Хотите — верьте, хотите — нет, но Сара Моррис — «критический художник». По крайней мере, так сказано в пресс-релизе ее недавно открывшейся выставки в мюнхенском музее Lenbachhaus.

Где бы ни проходили ее проекты (в Вашингтоне, Лос-Анджелесе, Майами, а теперь вот в Мюнхене и Пекине), та самая живопись с абстрактными разводами всегда сочетается в них с визуально богатыми полудокументальными, полуигровыми фильмами. Вместе «они составляют театрализованное пространство, в котором разворачивается критика конкретных мест и их истории». На материале архитектуры, моды и биографий конкретных людей фильмы Моррис исследуют структуры власти и параноидальные интриги вокруг них. Ее абстрактные картины, созданные в параллель фильмам, призваны выразить «гений места», о котором идет речь в фильмах. Или что-то в этом роде (я продолжаю пересказывать своими словами пресс-релиз выставки в Lenbachhaus).

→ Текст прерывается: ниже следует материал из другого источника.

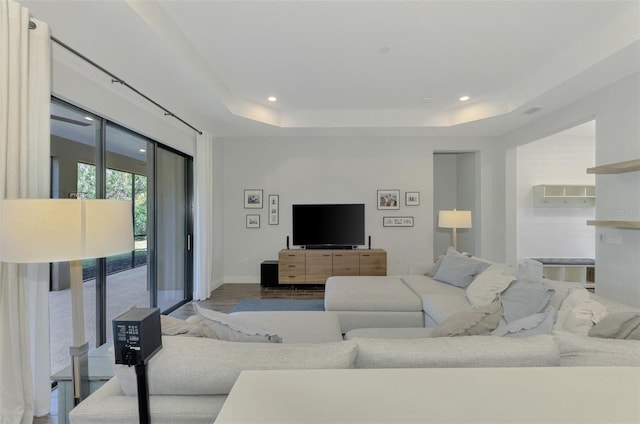 living room featuring a raised ceiling and wood-type flooring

Очевидно, текущий мегапроект Сары Моррис связан с приближающимися Олимпийскими играми в Пекине, а фильм и картины, выставленные сейчас в Мюнхене, — часть масштабного междисциплинарного исследования феномена Олимпийских игр в целом. Место проведения выставки с лаконичным названием «1972» неслучайно: она напоминает о трагедии Мюнхенской Олимпиады 1972 года, когда одиннадцать израильских спортсменов и офицер немецкой полиции были убиты палестинскими террористами. На сайте Vernissage.tv есть видео этой выставки с фрагментами фильма и комментарием художницы. Посмотрите, оно того стоит!

В фильме о Лос-Анджелесе о гламурном мире Голливуда повествовал легендарный рерайтер чужих сценариев Роберт Таун, а в «1972» трагические события мы видим глазами Георга Зибера (Georg Sieber), старшего психолога мюнхенской полиции. На Олимпиаде 1972 года именно он отвечал за безопасность. Многие до сих пор считают, что мюнхенская полиция была предубеждена против «Моссада» и поэтому игнорировала его предупреждения о надвигающейся катастрофе, но Зибер объясняет, что дело обстояло иначе: немцы тщательно продумали охрану спортсменов, но план оказался уязвимым. Манера, в которой он сообщает об этом, удивительно обаятельна — такой пожилой разведчик на пенсии, прагматичный, но слегка с приветом.

Сара Моррис говорит, что Зибер напоминает ей персонажа романа Томаса Пинчона «Вайнленд» (Vineland). Это сравнение очень уместно: многие герои Пинчона — харизматичные герои в мире, который рационализирован уже настолько, что почти распадается. Они — случайные герои грандиозного краха современности, обусловленного ее зацикленностью на себе.

Томас Пинчон позаимствовал эту слегка тавтологическую идею рациональности-харизмы у Макса Вебера и использовал ее для объяснения катастроф ХХ века. Сара Моррис, примазавшись к этой идее, успешно создает самореферентную структуру; типичный постмодернистский ход. Похоже, она пытается сказать, что она такая же крутая, как герой романа Пинчона. Опять-таки, этот план кажется удачным: почему бы не упредить якобы ложные интерпретации абстрактной живописи, объяснив ее реалистическим фильмом? Почему бы не сопроводить Олимпиаду в Пекине соображениями о трагедии modernity в городах, которые принимали у себя олимпийское движение? Но в этих блаженных воспоминаниях об изъянах modernity (а ведь объектом так называемой «критики» Моррис являются именно они, вот сюрприз!) нам видится появление того, что французские социологи Ева Шиапелло (Eve Chiapello) и Люк Болтански (Luc Boltanski) называют «новым духом капитализма». Все некогда экспериментальные техники (масштабное исследование, междисциплинарность, радикальную критику) берет на вооружение новая буржуазия.

Сара Моррис, несомненно, играет в эту игру. Ее искусство — продукт, приспособленный к вкусам класса, который считает себя по-прежнему крутым именно потому, что знает: все под его контролем, и ему обеспечен гарантированный провал.